Description of architecture-datascience-use-cases.png follows
Description of the illustration architecture-datascience-use-cases.png

The architecture has the following components:

  • Region

    An Oracle Cloud Infrastructure region is a localized geographic area that contains one or more data centers, called availability domains. Regions are independent of other regions, and vast distances can separate them (across countries or even continents).

  • Availability domains

    Availability domains are standalone, independent data centers within a region. The physical resources in each availability domain are isolated from the resources in the other availability domains, which provides fault tolerance. Availability domains don’t share infrastructure such as power or cooling, or the internal availability domain network. So, a failure at one availability domain is unlikely to affect the other availability domains in the region.

  • Fault domains

    A fault domain is a grouping of hardware and infrastructure within an availability domain. Each availability domain has three fault domains with independent power and hardware. When you distribute resources across multiple fault domains, your applications can tolerate physical server failure, system maintenance, and power failures inside a fault domain.

  • Virtual cloud network (VCN) and subnets

    A VCN is a customizable, software-defined network that you set up in an Oracle Cloud Infrastructure region. Like traditional data center networks, VCNs give you complete control over your network environment. A VCN can have multiple non-overlapping CIDR blocks that you can change after you create the VCN. You can segment a VCN into subnets, which can be scoped to a region or to an availability domain. Each subnet consists of a contiguous range of addresses that don't overlap with the other subnets in the VCN. You can change the size of a subnet after creation. A subnet can be public or private.

  • Data Science service

    A fully managed, serverless platform for data science teams to build, train, and manage machine learning models. It can easily integrate with other OCI services such as Autonomous Data Warehouse, Object Storage, and more.
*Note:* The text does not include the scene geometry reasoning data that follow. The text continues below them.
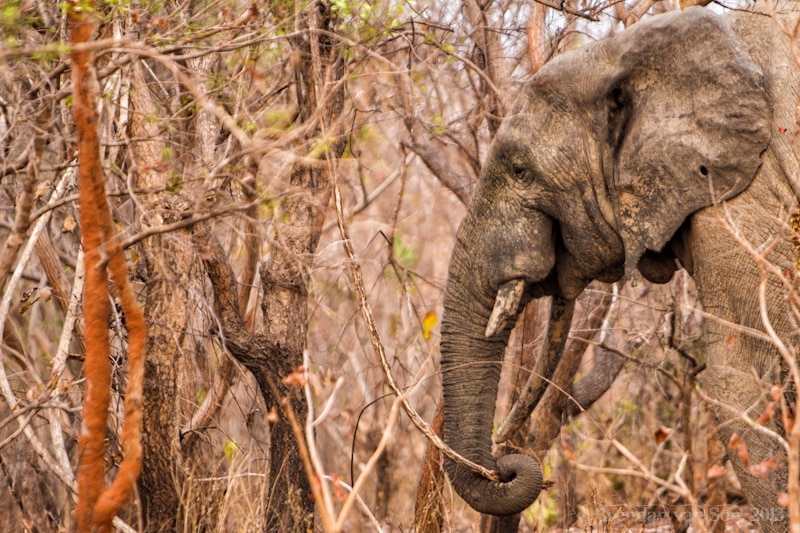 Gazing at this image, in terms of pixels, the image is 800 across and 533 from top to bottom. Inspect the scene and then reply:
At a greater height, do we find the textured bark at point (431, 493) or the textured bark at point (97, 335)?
the textured bark at point (97, 335)

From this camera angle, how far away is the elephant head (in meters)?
4.86

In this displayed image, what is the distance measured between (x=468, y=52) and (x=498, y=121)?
581 millimetres

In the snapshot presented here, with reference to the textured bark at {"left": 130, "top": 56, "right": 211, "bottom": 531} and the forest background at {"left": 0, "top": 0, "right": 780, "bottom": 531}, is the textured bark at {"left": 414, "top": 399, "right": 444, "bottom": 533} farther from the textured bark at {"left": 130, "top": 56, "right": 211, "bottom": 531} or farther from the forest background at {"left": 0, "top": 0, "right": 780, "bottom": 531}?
the textured bark at {"left": 130, "top": 56, "right": 211, "bottom": 531}

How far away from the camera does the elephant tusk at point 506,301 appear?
17.6 ft

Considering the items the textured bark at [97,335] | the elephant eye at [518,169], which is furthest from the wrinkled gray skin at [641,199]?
the textured bark at [97,335]

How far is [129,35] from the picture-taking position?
18.7ft

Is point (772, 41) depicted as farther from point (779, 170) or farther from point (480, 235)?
point (480, 235)

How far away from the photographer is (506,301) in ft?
17.6

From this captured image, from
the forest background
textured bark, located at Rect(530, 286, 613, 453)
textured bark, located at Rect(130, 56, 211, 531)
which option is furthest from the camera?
textured bark, located at Rect(530, 286, 613, 453)

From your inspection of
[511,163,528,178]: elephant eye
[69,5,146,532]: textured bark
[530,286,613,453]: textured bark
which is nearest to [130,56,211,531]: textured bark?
[69,5,146,532]: textured bark

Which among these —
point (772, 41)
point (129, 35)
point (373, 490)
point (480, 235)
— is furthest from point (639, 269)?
point (373, 490)

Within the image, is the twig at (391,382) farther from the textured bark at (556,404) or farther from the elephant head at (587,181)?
the textured bark at (556,404)

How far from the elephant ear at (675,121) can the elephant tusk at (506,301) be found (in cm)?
61

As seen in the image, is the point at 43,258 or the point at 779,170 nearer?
the point at 779,170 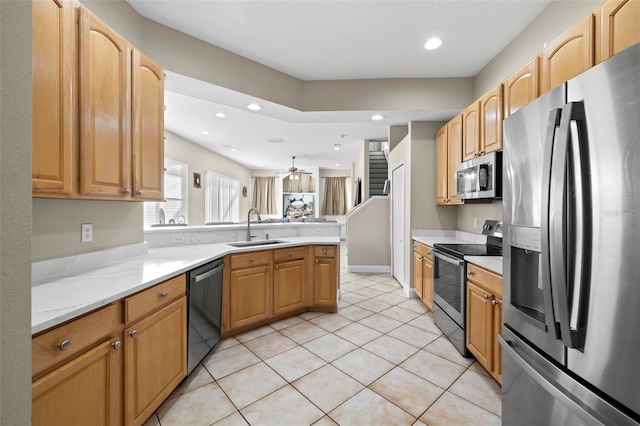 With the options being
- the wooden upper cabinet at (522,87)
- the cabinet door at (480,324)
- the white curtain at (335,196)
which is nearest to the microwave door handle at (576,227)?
the cabinet door at (480,324)

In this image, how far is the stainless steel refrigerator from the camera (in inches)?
31.1

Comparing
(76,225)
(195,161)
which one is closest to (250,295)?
(76,225)

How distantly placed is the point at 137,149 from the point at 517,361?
2.51m

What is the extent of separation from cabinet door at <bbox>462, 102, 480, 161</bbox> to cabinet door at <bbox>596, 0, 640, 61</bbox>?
1143 mm

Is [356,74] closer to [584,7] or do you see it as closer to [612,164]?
[584,7]

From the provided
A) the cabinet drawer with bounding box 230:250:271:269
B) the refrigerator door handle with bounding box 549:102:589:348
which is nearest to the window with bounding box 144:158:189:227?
the cabinet drawer with bounding box 230:250:271:269

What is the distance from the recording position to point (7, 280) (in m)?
0.48

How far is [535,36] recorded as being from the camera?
2.20m

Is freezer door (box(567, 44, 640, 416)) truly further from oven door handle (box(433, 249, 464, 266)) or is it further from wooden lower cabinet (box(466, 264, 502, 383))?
oven door handle (box(433, 249, 464, 266))

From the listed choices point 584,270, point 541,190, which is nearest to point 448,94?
point 541,190

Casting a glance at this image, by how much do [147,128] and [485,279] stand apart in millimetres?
2703

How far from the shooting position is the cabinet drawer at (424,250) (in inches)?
118

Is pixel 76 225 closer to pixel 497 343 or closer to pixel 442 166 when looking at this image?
pixel 497 343

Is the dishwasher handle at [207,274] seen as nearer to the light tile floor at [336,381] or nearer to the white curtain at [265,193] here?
the light tile floor at [336,381] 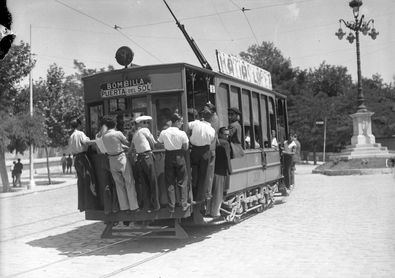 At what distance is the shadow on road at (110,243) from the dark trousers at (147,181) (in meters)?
0.78

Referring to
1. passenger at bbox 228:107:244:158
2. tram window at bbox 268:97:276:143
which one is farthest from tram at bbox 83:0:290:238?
tram window at bbox 268:97:276:143

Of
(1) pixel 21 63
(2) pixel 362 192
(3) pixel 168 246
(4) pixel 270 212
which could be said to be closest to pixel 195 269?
(3) pixel 168 246

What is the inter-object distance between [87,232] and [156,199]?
10.0 feet

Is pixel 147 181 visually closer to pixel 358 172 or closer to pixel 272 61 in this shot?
pixel 358 172

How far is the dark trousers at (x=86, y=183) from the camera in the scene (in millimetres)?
8562

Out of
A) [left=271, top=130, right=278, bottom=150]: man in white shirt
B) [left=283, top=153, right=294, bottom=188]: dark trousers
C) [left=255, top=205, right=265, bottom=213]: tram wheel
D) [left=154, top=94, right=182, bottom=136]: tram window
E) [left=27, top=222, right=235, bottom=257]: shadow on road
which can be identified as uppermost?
[left=154, top=94, right=182, bottom=136]: tram window

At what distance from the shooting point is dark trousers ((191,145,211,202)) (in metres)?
8.53

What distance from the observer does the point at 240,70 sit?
447 inches

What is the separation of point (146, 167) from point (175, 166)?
18.8 inches

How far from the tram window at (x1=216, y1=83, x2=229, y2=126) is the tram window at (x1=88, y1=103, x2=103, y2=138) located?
229 centimetres

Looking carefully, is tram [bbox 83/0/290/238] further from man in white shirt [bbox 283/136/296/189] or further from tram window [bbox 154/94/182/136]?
man in white shirt [bbox 283/136/296/189]

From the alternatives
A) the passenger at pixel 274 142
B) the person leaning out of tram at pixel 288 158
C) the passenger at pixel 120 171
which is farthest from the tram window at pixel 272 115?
the passenger at pixel 120 171

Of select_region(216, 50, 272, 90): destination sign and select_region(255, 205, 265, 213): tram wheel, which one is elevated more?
select_region(216, 50, 272, 90): destination sign

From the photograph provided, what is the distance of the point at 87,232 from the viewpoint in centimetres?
1045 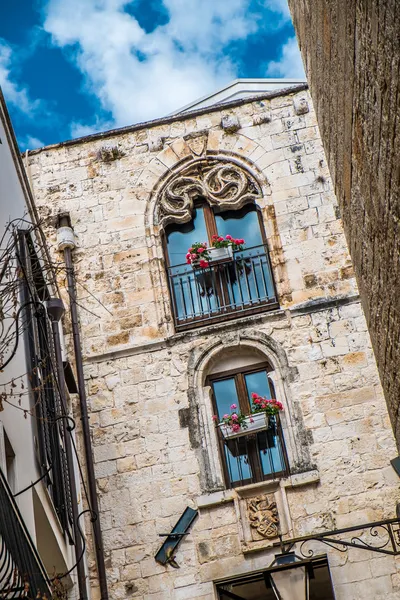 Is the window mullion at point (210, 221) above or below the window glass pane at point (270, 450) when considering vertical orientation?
above

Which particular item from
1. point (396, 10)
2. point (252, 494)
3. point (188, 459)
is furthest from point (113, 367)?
point (396, 10)

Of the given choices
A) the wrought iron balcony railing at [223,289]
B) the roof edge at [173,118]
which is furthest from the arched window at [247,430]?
the roof edge at [173,118]

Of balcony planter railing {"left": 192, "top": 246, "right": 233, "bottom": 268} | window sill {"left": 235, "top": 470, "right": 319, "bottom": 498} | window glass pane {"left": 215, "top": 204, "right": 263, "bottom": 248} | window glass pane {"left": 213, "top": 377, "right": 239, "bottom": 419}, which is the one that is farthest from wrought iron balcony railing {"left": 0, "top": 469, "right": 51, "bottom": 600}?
window glass pane {"left": 215, "top": 204, "right": 263, "bottom": 248}

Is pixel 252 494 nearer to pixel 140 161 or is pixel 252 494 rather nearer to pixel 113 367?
pixel 113 367

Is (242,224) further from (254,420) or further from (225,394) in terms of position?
(254,420)

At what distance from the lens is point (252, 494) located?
1034cm

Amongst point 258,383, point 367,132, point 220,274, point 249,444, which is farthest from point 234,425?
point 367,132

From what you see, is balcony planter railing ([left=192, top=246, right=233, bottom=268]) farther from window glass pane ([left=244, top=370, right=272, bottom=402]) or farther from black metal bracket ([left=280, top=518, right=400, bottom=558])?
black metal bracket ([left=280, top=518, right=400, bottom=558])

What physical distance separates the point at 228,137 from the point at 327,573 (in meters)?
5.63

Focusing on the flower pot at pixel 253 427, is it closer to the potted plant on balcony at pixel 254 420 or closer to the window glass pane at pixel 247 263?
the potted plant on balcony at pixel 254 420

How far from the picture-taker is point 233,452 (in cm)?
1077

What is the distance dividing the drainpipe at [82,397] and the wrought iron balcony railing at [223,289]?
1.18 meters

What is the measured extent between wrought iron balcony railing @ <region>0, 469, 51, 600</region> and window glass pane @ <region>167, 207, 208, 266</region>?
660 cm

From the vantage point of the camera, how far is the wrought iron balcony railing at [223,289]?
11.7m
  • Autonomous Data Warehouse

    An Oracle autonomous database that includes Oracle Machine Learning. Data scientists can build, evaluate, score, and deploy machine learning models using in-database Oracle Machine Learning features and the related Notebooks interface. You can also use Autonomous Transaction Processing.

  • Application VM

    An OCI Compute instance with Oracle Linux installed and ready for installation of tools and applications that need access to the database.

  • Data Catalog

    OCI Data Catalog is a fully managed, self-service data discovery and governance solution for your enterprise data. Data Catalog provides a single collaborative environment to manage technical, business, and operational metadata.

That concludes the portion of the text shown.